Securities Fraud: Ex-SWS Financial Services Broker Faces Improper Trading Charges, Ex-Fox Commentator Settles Penny Stock Scam Case, and Former Investment Adviser Gets 7-Years in Prison

FINRA Accuses Ex-Broker of Unsuitable Trading Involving Mutual Funds
David Randall Lockey, a former broker, is facing Financial Industry Regulatory Authority charges for allegedly engaging in improper trading of customer accounts while associated with SWS Financial Services Inc. He is no longer with that firm, now called the Hilltop Securities Independent Network. According to the regulator, Lockey took part in “unsuitable short-term trading and switching” involving unit investment trusts and mutual funds in four accounts between ’12 and ’14.

Lockey purportedly made about $75,730 for himself and the firm while engaging in improper trading.

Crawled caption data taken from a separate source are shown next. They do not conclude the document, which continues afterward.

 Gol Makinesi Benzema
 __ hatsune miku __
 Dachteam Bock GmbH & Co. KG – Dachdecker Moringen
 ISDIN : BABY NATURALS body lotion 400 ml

Meantime, three of the four customers whose accounts he used sustained losses of $15,699. The fourth customer made a gain of almost $5,000.

FINRA said Lockey has not been registered with any broker-dealer since 2014.

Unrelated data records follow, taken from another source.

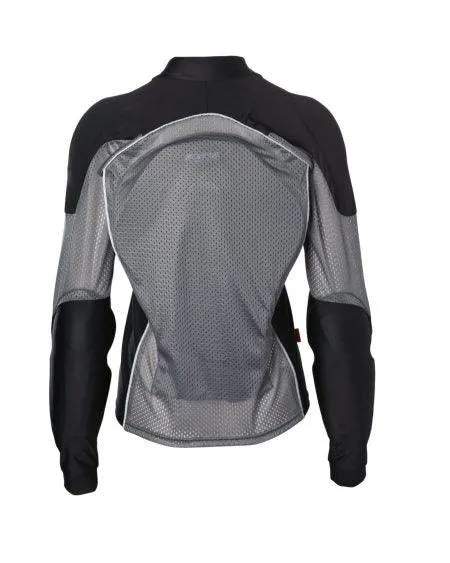 Bohn Mesh Airtex™ Level 2 Armored Women's Riding Shirt (Available in 10 Colors)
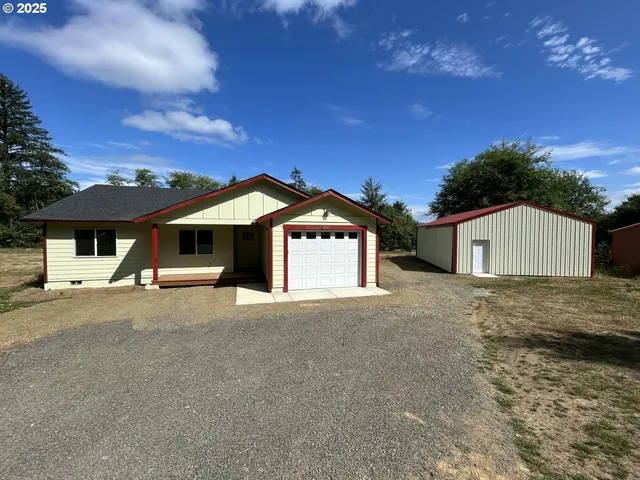 $489,000 | 6500 Weber Road, Tillamook, OR 97141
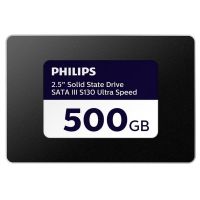 disco duro philips s130 500gb ssd 25 550mbs cifrado aes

Ex-TV Commentator Settles Penny Stock Fraud Charges with the SEC
The U.S. Securities and Exchange Commission is charging former FOX commentator Tobin Smith with fraud. According to the regulator, Smith, who is also a market analyst, and his NBT Group fraudulently promoted a penny stock to investors.

The SEC said that both Smith and his firm received payments to prepare and distribute e-mails, articles, blogs, and other communication promoting IceWEB Inc. stock. They purportedly failed to fully disclose they were receiving the compensation.

The investors were not made aware of that part of what Smith and NBT were paid was linked to a sustained rise in the data storage company’s share price. The Commission said that marketing materials the investors received included misleading and false statements put there to artificially up the share price and trading volume of IceWEB stock. For example, payment for promotional efforts was $300K and IceWEB stock. NBT could also make over $250K if marketing campaigns proved successful.